Parkinson disease (PD) is a devastating neurodegenerative disease characterized by a distinct set of motor symptoms. Although the etiology of PD remains poorly understood, the familial form of PD is influenced by genetic mutations. Recently, several genetic loci have been implicated in the pathogenesis of familial PD. Although the loci of these genes are different, there are sufficient similarities in the phenotypes of their patients, which strongly implicated the functional links of these diverse target proteins. My laboratory has long-standing interests to study the pathogenesis of Parkinson disease, especially focusing on genetics aspect.
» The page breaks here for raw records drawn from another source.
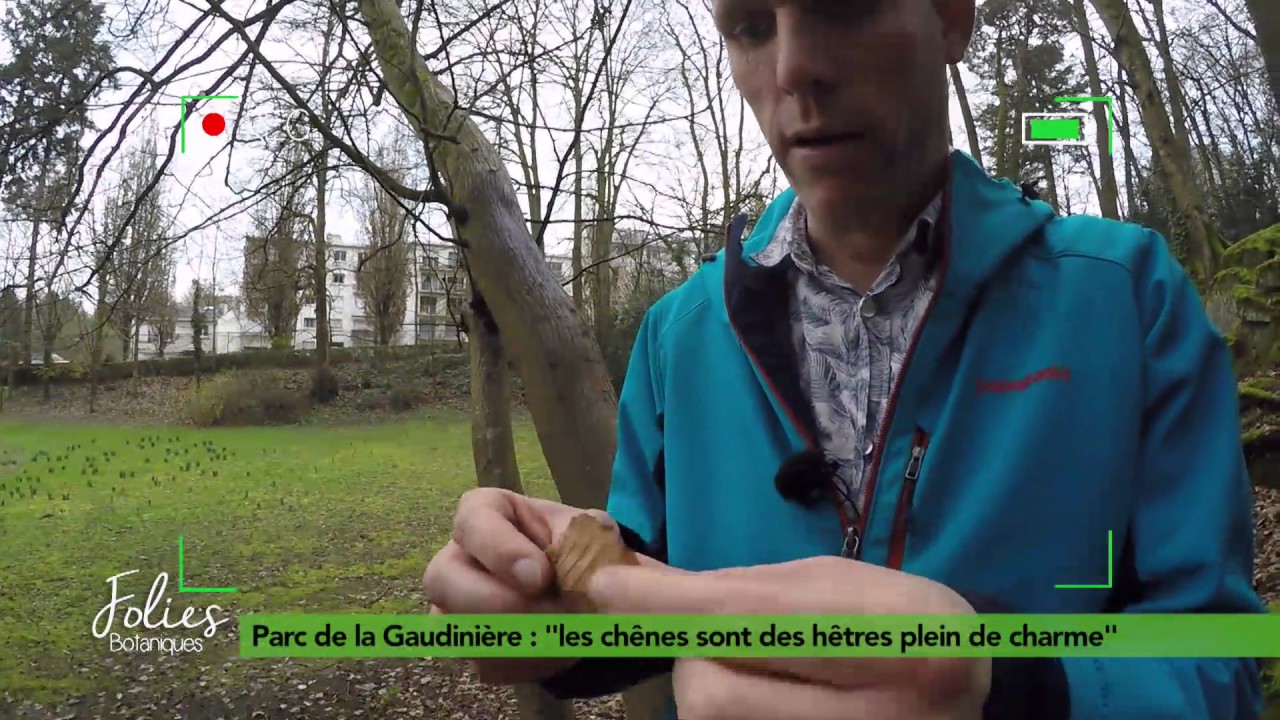 Folies Botaniques au Parc de la Gaudinière : hêtre, chêne, charme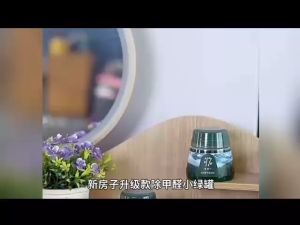 New house upgraded formaldehyde removal small green can household formaldehyde absorption odor remover jelly gel Hijau Kotak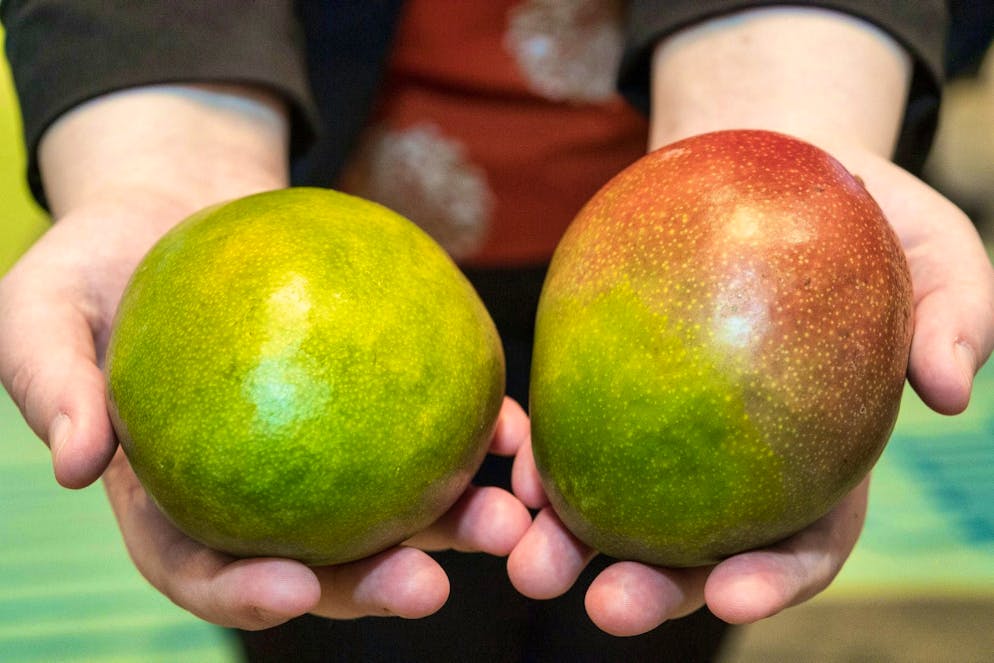 The color of the skin says nothing about the ripeness of a mango - the pressure test helps here.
In addition to PD, the abnormal protein aggregation is commonly observed in many neurodegenerative diseases, such as Alzheimer and Huntington diseases, and thought to play a critical role in the pathogenesis of these diverse brain defects. In another project we are exploring the effects on the various modes of protein modification and its subsequent protein aggregation on neuronal death and the pathogenesis of neurodegenerative disorders. In addition, by focusing on the several target proteins, we are trying to examine and develop many possible tools to modulate the protein aggregation, through target- modification, degradation, and cross-linking. Those studies would be expected to provide a useful basis for the future development of more efficient therapeutic methods and drug targets for many neurodegenerative diseases.
Down syndrome (DS) is the most common genetic disorder, characterized by mental retardation, congenital heart abnormalities, and susceptibility to Alzheimer disease. Brain development of DS patients is associated with elevated apoptosis and abnormal neuronal differentiation. Those key features are closely associated with many genes mapped within Down syndrome critical region (DSCR) on human chromosome 21. Another main ongoing project in the lab is to study the functional role of DS target genes within DSCR and the pathogenesis of DS neural defects.